GIVEN ENTRIES:

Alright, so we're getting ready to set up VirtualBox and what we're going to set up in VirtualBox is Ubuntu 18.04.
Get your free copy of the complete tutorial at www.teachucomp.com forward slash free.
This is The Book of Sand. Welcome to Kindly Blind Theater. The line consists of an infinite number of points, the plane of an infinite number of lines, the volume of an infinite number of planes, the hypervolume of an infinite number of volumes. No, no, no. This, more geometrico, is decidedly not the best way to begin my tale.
---
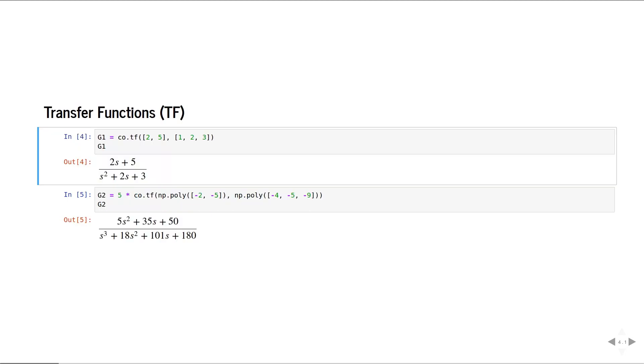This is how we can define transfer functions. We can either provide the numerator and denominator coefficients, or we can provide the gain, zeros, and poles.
---
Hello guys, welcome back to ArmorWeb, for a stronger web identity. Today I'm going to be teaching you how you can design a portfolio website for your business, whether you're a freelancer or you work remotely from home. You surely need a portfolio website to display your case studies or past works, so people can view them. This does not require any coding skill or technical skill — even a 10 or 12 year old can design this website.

WHAT YOU WILL DO:
Reproduce the lines above, beginning at the line with "Get your free" and stopping after the line with "This is The", exactly as they are.

WRITTEN RESPONSE:
Get your free copy of the complete tutorial at www.teachucomp.com forward slash free.
This is The Book of Sand. Welcome to Kindly Blind Theater. The line consists of an infinite number of points, the plane of an infinite number of lines, the volume of an infinite number of planes, the hypervolume of an infinite number of volumes. No, no, no. This, more geometrico, is decidedly not the best way to begin my tale.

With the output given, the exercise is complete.